PLplot Notes Its 10,000th Commit
iliketrash writes "From the PLplot development team is the announcement of their 10,000th commit: 'PLplot is a cross-platform software package for creating scientific plots that has been in continuous development since its inception 17 years ago. On May 23, 2009 the PLplot developers quietly celebrated our ten thousandth commit since our initial software repository was populated back in May 1992. This longevity puts PLplot in some select company amongst open-source software projects. We may even be unique within this group because all PLplot development has been done by volunteers in their spare time. The enthusiasm for PLplot development continues; we have averaged more than 100 commits per month over the last year which is double our 17-year average, and we are looking forward to the celebration of our next ten thousand commits!'"
It's like a patchset but not thought out as much.
How we know is more important than what we know.
BRL-CAD is about to cross 35,000 commits. Emacs has more than 85,000. GCC has about 12,000 unique over 150,000 commits.
That rounds out the three oldest continuously developed repositories with preserved revision history.
Cheers!
Sean
Hmm, reminds me a bit of R, the plotting part of it, at least.
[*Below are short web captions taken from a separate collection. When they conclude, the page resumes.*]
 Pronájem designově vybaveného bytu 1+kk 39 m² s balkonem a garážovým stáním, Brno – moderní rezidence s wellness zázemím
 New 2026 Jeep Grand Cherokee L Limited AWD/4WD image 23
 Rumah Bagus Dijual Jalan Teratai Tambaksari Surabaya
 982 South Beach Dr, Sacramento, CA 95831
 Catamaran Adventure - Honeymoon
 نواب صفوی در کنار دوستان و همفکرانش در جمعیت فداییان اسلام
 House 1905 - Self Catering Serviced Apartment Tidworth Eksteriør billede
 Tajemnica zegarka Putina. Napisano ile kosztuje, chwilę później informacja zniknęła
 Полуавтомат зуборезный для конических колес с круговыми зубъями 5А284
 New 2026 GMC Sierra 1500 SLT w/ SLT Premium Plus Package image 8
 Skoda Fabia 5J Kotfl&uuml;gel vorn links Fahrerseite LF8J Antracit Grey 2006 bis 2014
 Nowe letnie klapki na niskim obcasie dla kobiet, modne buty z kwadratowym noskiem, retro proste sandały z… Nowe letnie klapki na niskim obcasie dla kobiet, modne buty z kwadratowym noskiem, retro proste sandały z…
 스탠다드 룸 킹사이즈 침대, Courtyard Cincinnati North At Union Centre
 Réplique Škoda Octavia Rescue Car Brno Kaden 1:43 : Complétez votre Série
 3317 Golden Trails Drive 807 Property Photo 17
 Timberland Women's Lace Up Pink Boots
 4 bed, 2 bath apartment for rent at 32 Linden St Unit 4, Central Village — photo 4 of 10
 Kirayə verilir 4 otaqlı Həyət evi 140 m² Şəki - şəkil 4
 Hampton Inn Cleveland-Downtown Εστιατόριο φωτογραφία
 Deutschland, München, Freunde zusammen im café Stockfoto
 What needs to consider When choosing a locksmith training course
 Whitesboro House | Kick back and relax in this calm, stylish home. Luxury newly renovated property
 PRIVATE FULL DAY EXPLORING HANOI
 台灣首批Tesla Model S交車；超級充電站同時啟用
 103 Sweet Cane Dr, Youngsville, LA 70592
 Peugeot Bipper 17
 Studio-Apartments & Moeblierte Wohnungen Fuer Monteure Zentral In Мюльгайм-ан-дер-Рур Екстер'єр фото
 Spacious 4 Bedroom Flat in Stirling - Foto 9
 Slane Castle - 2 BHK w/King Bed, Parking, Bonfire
There are a few examples of the kind of plotting you can achieve in R here.
There are a plot of quite good open source plotting tools out there. I would consider R useful in as much as it provides powerful data crunching tools to distill your data into something essential to plot, but for plotting alone it is merely adequate. GNUPlot is actually surprisinly powerful and flexible with professional output if you're willing to take the time to learn all it can really do (it's default output can be rather underwhelming). Going outside the box of what GNUplot does easily can be an exercise in extreme contortions of an already slightly arcane language however. matplotlib is one of the best straight plotting tools out there, with a good mix between simple high level plotting, and sane easy to manage low level drawing tools, and good looking default output. CairoPlot is nice for very pretty charts, but is not as flexible as one might like. I'm sure there are more, but I don't happen to know them offhand.